The process of vegetation classification is conducted through the cloud-based platform Google Earth Engine (GEE) and Pixel Information Expert Engine (PIE) (https://engine.piesat.cn/ (accessed on 9 September 2021)). Our study period lasts for 35 years; therefore, the historical images for monitoring vegetation areas are derived from Landsat Thematic Mapper (TM), Landsat Enhanced Thematic Mapper Plus (ETM+), and Landsat Operational Land Imager (OLI) with 30 m spatial resolution. All Landsat Tier1 level data are created using the best available processing level for each scene. The Landsat images with rare clouds at the Tier1 level were collected based on time and space conditions. According to the processing results, there are no data available covering the study area before 1986, so the images selected in the 35 years of data from 1986 to 2020 were counted. Considering climate factors and period consistency, images synthesized every summer are used as a study database. Totally 2785 scenes are used in our image synthesis process. The satellite data sources, period of selected scenes, and the number of scenes for each year are described in Table S1 (Supplementary File).

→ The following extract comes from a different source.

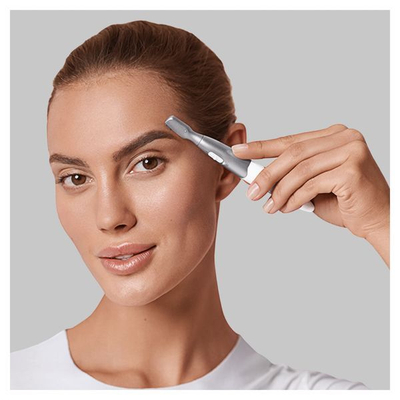 Trimmer Braun FG1106 Mini Precision, për vetulla, me bateri, argjendtë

Human information features include roads, railways, human settlements, service stations, and waterways, which are collected from OSM and updated to the 2020 version. We also selected slope as a topographical feature for mapping the artificial suitability of vegetation restoration, which is derived from the Shuttle Radar Topography Mission (SRTM) at a scale of 30 m.

2.3. Methods

This research consists of two main sections: annual vegetation detection by remote sensing and spatiotemporal analysis with human-related factors. The final aim of this study is to map artificial vegetation restoration suitability based on the two above methods. Figure 2 indicates the data input, classification algorithm, related spectral index, and specific steps of each section.

2.3.1. Annual Vegetation Detection by Remote Sensing

In this section, we first construct ENDVI by original NDVI, NDSI, and MNDWI and then use the Otsu method to classify vegetation and non-vegetation areas in Mu Us Sandy Land. Last, we made statistics on the analysis results. This analysis will provide a panel reference for past vegetation change in Mu Us Sandy Land and this result will be used for the following analysis of the relationship between vegetation change and human features in the next section.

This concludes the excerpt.